**Exercise requirements**
Nothing but an exact copy is asked for: the lines in the material below from the one with "Used 2019 Land" through the one with "Te koop: Foto", pictures excluded.

**Source information**
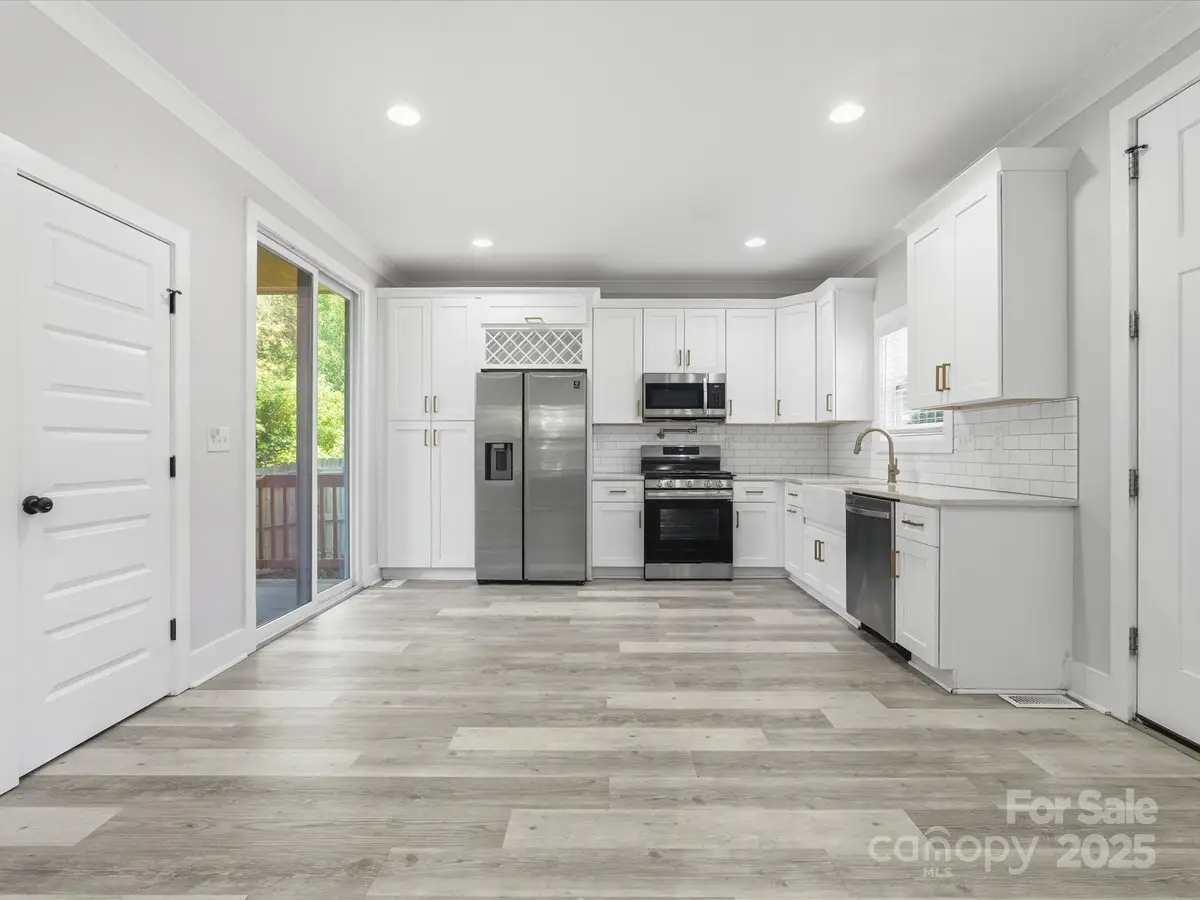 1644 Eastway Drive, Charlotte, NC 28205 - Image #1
* * *
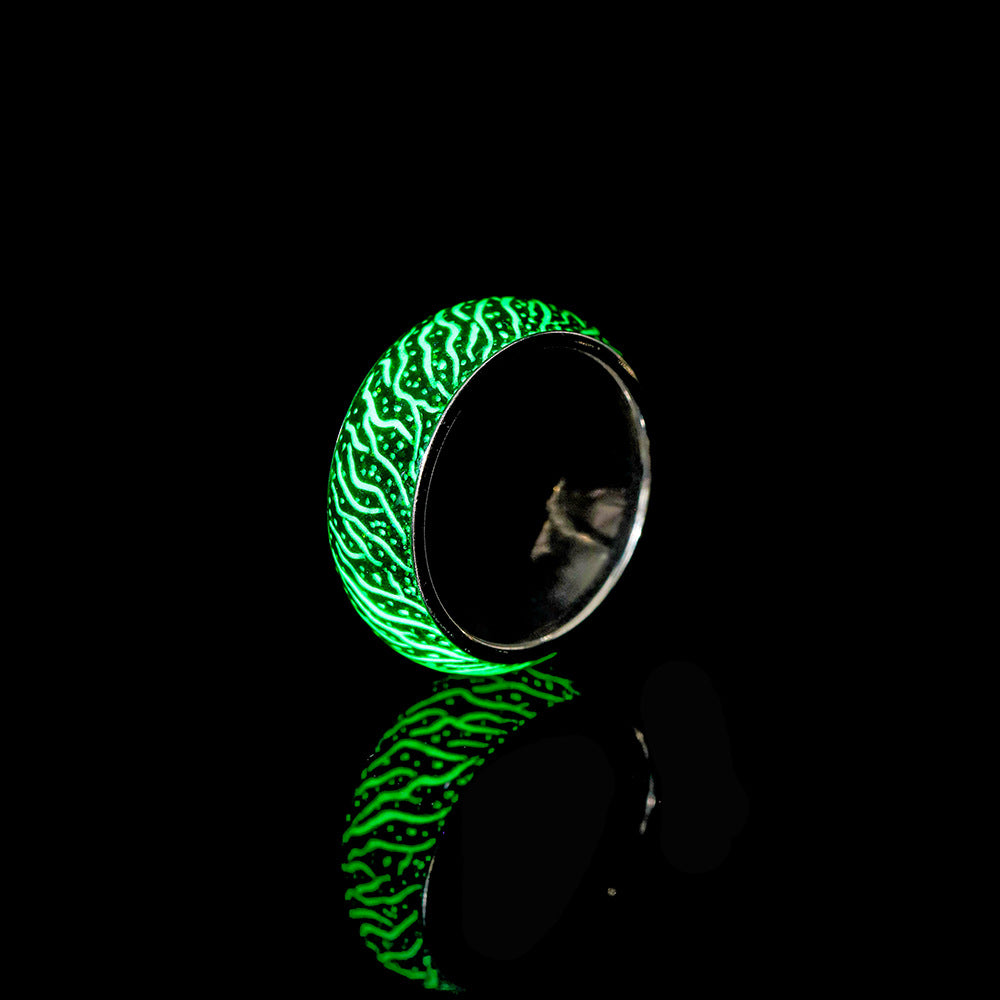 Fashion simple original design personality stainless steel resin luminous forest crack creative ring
---
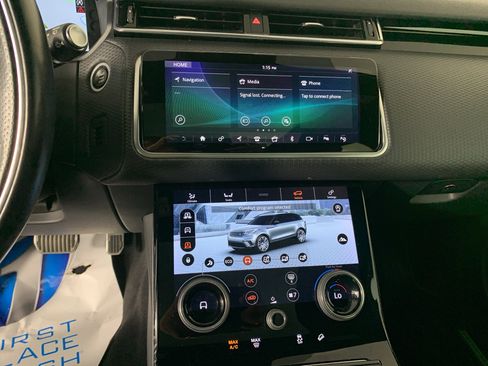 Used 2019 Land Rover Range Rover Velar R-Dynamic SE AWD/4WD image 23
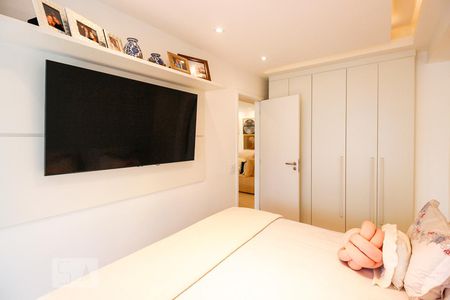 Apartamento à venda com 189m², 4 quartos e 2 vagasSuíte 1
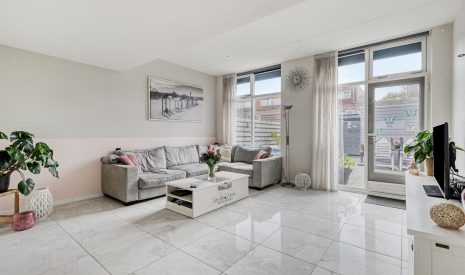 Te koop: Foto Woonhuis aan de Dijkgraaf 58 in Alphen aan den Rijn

**Your solution**
 Used 2019 Land Rover Range Rover Velar R-Dynamic SE AWD/4WD image 23
 Apartamento à venda com 189m², 4 quartos e 2 vagasSuíte 1
 Te koop: Foto Woonhuis aan de Dijkgraaf 58 in Alphen aan den Rijn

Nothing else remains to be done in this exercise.